Todos tenemos una década favorita en la extensísima filmografía de Woody Allen. Es lo que tiene ser uno de los grandes genios de la historia del cine durante los últimos sesenta años. Sin embargo, parece prácticamente seguro que, en la mayoría de los casos, los setenta y los ochenta serían las etapas más destacadas por casi cualquier persona a la que se le preguntara al respecto. Y lo cierto es que, teniendo en cuenta la cantidad de obras maestras que acumuló en esos veinte años el bueno de Woody, tiene sentido.

Ya fuera desde la comedia más absurda o desde los dramas de tono lento y esencia desgarradora, propuestas más arriesgadas e incomprendidas, sí, pero igualmente disfrutables, Allen comenzó a hacerse un gigante película a película, demostrando un talento, personalidad y universo propio tan únicos como imprescindibles.
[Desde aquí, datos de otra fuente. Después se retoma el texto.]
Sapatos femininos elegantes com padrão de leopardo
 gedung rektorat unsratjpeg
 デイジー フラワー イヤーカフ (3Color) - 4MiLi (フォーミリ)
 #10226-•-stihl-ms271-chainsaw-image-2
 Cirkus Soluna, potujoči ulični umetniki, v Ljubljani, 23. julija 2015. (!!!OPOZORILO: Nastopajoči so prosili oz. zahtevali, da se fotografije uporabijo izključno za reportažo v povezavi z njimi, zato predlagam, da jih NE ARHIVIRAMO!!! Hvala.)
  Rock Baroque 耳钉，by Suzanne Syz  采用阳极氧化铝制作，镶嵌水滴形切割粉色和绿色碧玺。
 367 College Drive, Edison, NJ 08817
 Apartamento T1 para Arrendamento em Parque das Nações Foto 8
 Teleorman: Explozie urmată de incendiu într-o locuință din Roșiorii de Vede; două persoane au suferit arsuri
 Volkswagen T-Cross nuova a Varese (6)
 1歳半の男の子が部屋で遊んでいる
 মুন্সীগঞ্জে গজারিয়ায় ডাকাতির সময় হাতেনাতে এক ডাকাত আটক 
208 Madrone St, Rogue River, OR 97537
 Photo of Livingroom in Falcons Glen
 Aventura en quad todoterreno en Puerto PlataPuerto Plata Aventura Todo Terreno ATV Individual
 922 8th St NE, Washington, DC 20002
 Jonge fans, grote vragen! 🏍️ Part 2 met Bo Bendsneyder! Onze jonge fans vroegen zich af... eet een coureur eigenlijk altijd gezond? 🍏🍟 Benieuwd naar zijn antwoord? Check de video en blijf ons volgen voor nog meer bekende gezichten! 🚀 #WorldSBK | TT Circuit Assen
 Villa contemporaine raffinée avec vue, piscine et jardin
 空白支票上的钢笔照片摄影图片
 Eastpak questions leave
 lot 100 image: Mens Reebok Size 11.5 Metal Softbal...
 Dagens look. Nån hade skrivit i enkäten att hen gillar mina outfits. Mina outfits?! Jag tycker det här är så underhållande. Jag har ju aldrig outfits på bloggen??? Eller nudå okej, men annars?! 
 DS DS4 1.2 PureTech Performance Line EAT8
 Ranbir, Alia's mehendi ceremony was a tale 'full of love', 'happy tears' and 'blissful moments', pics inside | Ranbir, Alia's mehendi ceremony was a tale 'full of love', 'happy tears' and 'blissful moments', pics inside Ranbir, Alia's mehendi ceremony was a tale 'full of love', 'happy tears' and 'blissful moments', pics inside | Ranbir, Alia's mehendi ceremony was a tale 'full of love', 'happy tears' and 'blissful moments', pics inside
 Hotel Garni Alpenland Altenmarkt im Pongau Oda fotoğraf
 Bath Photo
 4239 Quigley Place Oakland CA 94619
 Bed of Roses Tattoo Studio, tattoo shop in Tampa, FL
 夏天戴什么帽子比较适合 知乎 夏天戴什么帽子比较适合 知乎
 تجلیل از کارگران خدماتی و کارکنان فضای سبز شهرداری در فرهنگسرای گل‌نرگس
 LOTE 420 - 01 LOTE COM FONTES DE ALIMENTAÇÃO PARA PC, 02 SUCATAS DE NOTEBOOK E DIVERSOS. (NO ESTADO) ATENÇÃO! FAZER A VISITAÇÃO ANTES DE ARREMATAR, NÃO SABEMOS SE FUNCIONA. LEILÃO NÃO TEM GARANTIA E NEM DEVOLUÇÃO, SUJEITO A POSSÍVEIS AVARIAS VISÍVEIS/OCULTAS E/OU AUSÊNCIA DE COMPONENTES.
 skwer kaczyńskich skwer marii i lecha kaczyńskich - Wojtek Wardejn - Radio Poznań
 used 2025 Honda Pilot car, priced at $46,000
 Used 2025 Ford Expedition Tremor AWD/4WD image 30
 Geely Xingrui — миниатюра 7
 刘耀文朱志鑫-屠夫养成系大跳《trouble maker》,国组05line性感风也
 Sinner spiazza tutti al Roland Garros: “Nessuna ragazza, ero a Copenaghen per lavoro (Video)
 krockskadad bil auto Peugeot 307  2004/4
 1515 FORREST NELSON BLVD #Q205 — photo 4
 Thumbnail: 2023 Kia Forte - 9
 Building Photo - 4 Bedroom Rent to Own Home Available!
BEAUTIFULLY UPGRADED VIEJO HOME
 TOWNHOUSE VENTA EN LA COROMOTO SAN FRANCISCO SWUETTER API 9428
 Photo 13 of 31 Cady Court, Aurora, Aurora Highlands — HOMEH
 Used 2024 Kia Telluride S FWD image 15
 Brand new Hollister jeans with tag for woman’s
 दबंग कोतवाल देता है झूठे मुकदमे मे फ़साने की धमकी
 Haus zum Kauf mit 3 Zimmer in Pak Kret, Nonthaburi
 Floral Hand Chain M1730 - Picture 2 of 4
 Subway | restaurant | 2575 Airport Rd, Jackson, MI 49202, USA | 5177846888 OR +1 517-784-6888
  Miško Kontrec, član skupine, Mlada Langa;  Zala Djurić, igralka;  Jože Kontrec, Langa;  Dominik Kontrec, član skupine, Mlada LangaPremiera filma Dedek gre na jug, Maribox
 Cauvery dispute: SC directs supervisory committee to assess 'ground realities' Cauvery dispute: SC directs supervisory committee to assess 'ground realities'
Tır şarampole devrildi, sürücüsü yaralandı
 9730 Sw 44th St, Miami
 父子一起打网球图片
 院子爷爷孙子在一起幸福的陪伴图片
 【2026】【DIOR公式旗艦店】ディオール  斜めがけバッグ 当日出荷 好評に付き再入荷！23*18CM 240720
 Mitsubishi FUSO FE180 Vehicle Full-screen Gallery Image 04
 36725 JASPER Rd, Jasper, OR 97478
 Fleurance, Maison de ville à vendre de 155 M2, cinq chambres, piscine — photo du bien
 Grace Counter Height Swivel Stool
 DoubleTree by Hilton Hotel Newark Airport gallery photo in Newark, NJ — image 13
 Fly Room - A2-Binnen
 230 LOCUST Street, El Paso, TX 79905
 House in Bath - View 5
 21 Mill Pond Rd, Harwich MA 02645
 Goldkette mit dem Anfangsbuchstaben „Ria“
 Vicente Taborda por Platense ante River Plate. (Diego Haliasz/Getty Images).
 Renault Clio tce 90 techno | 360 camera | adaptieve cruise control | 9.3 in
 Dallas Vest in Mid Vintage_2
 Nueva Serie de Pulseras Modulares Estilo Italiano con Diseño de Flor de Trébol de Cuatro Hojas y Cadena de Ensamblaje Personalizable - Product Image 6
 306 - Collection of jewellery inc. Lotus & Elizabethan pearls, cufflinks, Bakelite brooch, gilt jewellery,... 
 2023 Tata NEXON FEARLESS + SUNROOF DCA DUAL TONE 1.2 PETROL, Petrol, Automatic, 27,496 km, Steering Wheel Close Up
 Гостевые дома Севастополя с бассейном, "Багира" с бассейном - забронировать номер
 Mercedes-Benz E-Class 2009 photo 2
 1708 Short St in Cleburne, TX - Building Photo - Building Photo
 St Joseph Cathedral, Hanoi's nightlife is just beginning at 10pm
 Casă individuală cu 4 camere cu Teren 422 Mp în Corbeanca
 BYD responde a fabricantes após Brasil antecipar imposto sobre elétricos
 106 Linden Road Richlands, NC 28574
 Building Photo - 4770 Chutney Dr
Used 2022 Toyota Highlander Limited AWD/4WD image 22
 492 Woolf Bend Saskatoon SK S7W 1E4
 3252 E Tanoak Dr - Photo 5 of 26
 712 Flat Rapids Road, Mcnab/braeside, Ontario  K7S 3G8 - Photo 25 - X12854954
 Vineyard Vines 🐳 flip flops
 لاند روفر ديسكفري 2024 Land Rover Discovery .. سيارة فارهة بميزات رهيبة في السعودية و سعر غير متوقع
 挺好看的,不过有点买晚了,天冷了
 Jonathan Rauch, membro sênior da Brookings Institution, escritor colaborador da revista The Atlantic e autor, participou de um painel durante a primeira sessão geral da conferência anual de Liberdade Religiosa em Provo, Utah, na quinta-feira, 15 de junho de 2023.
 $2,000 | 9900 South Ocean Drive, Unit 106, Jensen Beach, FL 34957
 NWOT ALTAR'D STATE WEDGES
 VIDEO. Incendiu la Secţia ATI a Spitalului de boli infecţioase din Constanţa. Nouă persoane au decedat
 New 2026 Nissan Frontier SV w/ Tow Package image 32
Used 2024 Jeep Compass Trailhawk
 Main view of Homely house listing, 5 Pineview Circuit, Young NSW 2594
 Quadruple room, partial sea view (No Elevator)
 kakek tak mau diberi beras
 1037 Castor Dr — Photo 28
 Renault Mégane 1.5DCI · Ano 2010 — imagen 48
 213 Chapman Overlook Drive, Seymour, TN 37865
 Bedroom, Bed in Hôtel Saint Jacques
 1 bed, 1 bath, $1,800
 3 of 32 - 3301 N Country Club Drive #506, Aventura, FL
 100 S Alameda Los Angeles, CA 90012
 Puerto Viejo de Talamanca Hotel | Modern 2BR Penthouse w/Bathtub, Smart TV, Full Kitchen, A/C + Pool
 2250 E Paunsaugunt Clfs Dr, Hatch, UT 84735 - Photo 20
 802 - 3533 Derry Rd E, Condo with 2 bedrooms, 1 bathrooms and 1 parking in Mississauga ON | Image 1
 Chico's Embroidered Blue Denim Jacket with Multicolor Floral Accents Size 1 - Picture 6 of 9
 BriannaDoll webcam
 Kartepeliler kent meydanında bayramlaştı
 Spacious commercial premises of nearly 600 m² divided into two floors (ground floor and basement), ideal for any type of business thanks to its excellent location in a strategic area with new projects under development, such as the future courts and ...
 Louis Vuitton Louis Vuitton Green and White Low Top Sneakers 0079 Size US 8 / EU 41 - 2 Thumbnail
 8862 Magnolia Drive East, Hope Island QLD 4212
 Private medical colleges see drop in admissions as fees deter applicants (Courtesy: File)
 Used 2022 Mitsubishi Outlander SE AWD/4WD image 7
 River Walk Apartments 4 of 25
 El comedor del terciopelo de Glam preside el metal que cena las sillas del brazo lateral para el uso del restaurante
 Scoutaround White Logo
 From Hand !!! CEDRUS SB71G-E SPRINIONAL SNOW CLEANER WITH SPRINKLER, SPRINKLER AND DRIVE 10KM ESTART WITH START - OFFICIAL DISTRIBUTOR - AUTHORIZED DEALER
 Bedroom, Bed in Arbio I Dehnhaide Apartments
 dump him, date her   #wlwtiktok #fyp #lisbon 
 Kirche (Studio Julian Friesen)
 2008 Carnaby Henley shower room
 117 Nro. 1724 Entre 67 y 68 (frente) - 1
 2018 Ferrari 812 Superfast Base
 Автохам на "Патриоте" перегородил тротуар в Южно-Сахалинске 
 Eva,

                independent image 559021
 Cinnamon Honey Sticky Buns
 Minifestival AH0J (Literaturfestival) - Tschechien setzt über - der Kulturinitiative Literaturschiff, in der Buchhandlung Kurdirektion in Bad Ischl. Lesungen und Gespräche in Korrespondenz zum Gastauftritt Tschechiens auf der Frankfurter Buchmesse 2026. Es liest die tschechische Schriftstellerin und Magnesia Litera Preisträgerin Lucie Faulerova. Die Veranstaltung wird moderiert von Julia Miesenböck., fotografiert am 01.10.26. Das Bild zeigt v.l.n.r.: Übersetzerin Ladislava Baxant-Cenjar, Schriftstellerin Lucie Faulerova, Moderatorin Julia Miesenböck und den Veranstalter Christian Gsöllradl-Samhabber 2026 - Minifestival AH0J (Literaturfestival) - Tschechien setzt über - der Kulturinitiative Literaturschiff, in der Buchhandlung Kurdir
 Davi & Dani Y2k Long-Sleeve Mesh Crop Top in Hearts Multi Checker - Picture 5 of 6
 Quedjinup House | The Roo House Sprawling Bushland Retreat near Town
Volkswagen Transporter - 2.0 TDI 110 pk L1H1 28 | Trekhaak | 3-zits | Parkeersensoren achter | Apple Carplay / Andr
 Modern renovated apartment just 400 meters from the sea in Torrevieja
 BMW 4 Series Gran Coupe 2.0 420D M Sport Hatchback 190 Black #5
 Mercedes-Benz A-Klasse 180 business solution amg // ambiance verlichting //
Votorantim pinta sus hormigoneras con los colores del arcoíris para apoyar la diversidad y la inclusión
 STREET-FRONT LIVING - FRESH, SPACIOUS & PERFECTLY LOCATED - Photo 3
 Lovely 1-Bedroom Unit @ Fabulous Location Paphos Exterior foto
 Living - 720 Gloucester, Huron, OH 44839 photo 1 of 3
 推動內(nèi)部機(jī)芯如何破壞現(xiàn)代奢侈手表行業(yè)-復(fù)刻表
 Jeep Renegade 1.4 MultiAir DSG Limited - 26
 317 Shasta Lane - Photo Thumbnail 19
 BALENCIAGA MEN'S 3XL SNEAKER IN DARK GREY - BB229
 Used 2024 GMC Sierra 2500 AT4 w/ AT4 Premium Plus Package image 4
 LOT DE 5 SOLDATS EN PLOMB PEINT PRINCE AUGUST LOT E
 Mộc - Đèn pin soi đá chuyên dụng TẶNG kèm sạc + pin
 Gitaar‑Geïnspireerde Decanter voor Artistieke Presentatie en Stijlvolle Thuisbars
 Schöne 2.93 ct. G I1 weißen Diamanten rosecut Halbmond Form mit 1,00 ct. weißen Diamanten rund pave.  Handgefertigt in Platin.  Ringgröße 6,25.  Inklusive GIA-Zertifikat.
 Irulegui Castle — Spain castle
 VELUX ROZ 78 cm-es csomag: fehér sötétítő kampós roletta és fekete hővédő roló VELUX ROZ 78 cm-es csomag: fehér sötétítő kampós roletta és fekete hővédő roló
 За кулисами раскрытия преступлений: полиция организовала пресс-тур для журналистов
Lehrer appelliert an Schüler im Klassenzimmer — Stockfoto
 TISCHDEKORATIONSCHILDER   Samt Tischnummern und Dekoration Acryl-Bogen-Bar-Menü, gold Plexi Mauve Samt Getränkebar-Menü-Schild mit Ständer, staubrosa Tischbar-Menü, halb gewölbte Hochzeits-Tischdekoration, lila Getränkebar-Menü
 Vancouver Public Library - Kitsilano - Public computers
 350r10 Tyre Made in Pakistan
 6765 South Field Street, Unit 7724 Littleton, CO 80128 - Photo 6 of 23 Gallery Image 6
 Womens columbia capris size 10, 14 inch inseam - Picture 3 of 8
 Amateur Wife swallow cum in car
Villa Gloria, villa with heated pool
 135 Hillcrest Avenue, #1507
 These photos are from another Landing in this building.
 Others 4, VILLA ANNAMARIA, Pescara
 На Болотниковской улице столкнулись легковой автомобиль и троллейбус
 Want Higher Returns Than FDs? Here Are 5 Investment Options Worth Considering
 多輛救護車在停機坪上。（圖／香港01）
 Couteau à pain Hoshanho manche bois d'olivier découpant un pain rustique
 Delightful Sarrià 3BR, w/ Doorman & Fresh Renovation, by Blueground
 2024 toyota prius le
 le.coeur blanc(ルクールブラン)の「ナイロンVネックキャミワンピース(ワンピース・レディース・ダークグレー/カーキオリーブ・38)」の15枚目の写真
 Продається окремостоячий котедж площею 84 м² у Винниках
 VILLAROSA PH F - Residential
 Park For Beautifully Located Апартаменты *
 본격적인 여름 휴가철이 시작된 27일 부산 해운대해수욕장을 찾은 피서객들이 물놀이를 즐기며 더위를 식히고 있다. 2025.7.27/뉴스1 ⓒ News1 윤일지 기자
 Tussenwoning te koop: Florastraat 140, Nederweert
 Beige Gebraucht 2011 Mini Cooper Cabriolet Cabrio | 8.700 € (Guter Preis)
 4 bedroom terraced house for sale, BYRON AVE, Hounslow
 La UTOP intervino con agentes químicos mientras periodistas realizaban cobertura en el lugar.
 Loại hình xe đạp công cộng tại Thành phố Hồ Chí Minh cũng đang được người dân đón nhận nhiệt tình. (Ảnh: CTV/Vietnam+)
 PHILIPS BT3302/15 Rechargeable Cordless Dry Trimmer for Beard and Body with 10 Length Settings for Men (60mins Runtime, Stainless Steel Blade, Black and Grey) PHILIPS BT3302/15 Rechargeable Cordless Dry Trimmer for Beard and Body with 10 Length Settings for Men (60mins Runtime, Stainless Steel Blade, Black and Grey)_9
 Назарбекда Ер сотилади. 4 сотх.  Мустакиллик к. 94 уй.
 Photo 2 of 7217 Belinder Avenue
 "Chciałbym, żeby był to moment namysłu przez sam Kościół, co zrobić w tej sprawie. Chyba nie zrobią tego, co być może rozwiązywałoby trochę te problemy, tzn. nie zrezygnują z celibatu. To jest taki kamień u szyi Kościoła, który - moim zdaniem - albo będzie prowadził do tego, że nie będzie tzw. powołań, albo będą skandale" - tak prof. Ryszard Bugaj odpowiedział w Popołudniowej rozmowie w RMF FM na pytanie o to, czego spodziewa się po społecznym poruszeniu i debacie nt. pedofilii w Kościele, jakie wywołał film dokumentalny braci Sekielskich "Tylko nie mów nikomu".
Luego vinieron cimas de alturas incalculables, pero la importancia de los primeros pasos siempre tiene algo especial.
Todas y cada una de las películas que conforman este especial contienen el característico y reconocible sello de su ilustrísimo autor, suponiendo una perfecta puerta de entrada al mundo Allen. Un espacio repleto de gags maravillosos, diálogos de auténtico oro, personajes memorables y cine en estado puro. Los comienzos de un maestro inigualable.